Il y a un an, j’avais écrit ceci « Sans avoir de vision sur son impact commercial et l’accueil que va lui réserver la critique et le public, il reste pour moi, l’un des meilleurs albums de ce début d’année. Quand on rencontre quelqu’un pour la première fois, il faut se fier à son instinct. » Vous connaissez ce sentiment, l’album qu’on écoute en boucle jusqu’à plus soif. Puis, il se glisse discrètement dans le fin fond des playlists d’un Ipod obèse, qui déborde de toutes sortes de nourriture pas toute très saines. Alors quand j’ai vu qu’ils allaient jouer à la Sala, j’étais emballée. On s’entend que je vais à des concerts quasiment un soir sur deux, alors, quand je peux y aller sans le sentiment de découverte, sans la crainte que ce que j’ai écouté sur bandcamp n’ai été auto-tuné, en sachant que j’ai à faire à d’excellents musiciens, que je suis en terrain connu, c’est comme être critique gastronomique et aller au Pied de Cochon : on se fait plaisir.

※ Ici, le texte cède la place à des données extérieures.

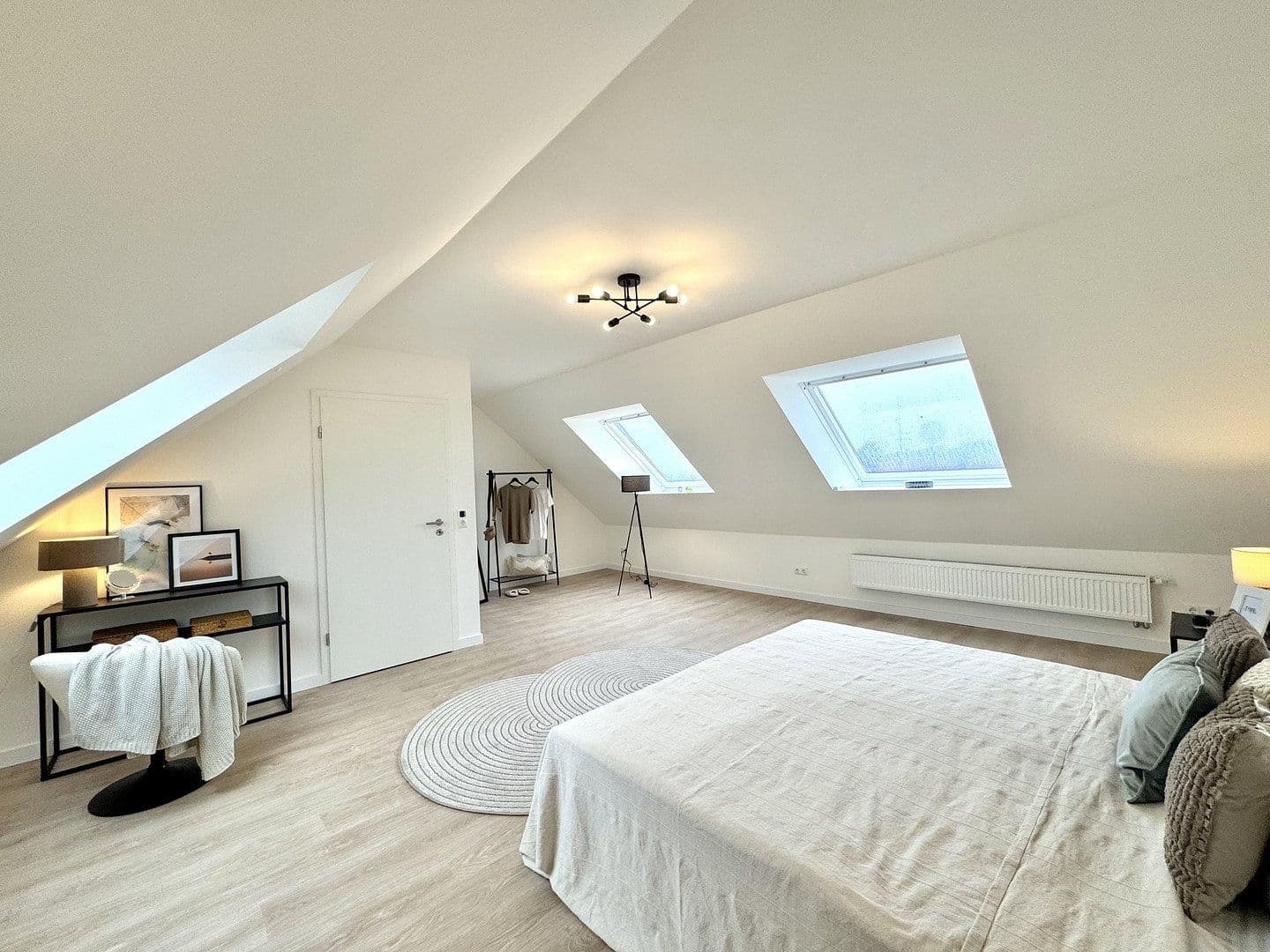 Prodej bytu 4+1 132 m², Lübeck, Šlesvicko-Holštýnsko Prodej bytu 4+1 132 m², Lübeck, Šlesvicko-Holštýnsko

Les premières minutes, j’avais l’impression d’être à une grande réunion de famille, beaucoup de conversations, une écoute discrète, mais un enthousiasme certain. Les gens, sans doute très heureux de se (re)voir, échangent, parlent plus ou moins bas, rient et créent une sorte de dynamique nerveuse et enlevée. Ça me va, tant qu’on ne me met pas son téléphone intelligent sous le nez avec conversations coquines pré-soirée torride sous la couette. Voilà, c’est ça, j’avais choisi le mauvais endroit, celui du group(i)e de filles. Pas grave, quelques pas sur ma gauche, et tout irait pour le mieux. Pendant que je décortiquais les sons (j’adore faire ça, surtout quand il y a six musiciens ou plus sur scène, c’est comme découvrir les ingrédients d’une recette, on en revient toujours aux comparaisons culinaires), les seuls vaillants qui s’approchaient étaient les photographes. Il faut dire qu’il y avait du beau monde sur scène. Le concert avance et d’un coup, je ne suis plus là, j’ai dit « merde » au fossé qui créait un sentiment d’inconfort (mon dieu, qu’ils doivent se sentir loin du public, que le monde est sage, est-ce un triangle des Bermudes ou si je m’approche, je risque de disparaitre). 

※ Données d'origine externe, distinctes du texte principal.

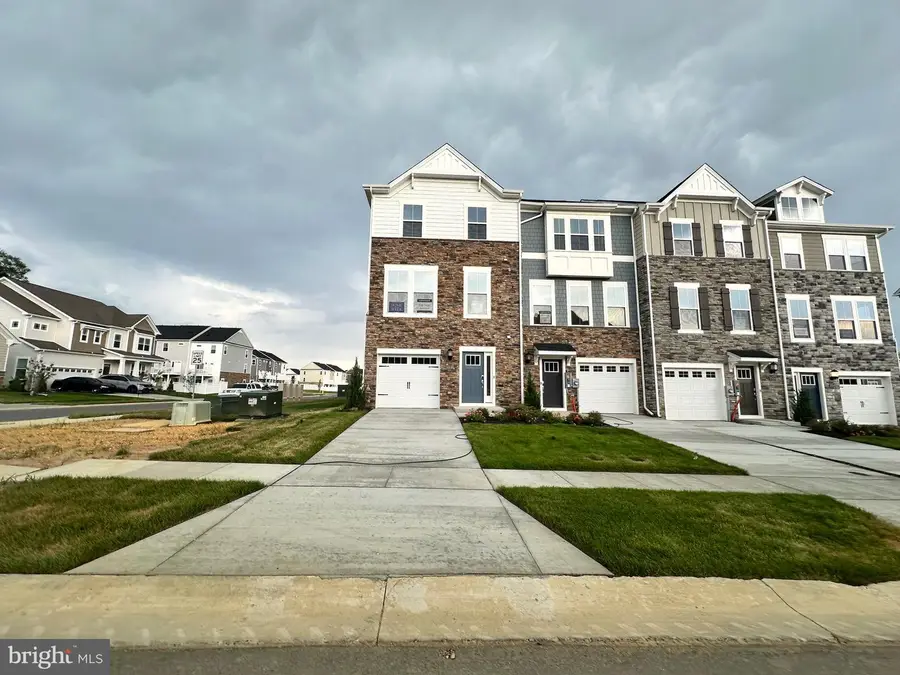 10538 Cobbler Pl, White Plains, MD 20695 - #3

Et là, je comprends, c’est leur bulle !! On a tous une bulle (personnellement moi j’en ai neuf et je travaille fort pour que ça ne paraisse pas) au-delà de laquelle on ne veut pas que l’autre entre. Selon les cultures, le degré d’intimité ou la psychologie d’un individu, cette zone invisible est plus ou moins grande. L’important est de la respecter (la bulle s’arrête la où commence celles des autres). Et c’est ce que tout le monde a fait hier soir. C’est pour la même raison qu’après chaque concert, je déteste aller parler du show avec les artistes : y’a comme une impudeur, et puis je ne suis jamais vraiment sûre de ce que j’en ai pensé avant les premières heures du matin, alors ça donne de puissantes réflexions comme « C’était vraiment bien, j’ai adoré ». À mon réveil, je me suis dit que les petits pas n’avaient pas été faits pour me coller à la scène, mais dans tête j’étais pour vrai, au dessus de tout, au plafond, juste à savourer le moment présent. Ce qui compte c’est le fond plus que la forme, les bulles n’ont pas toutes besoins d’être brisées.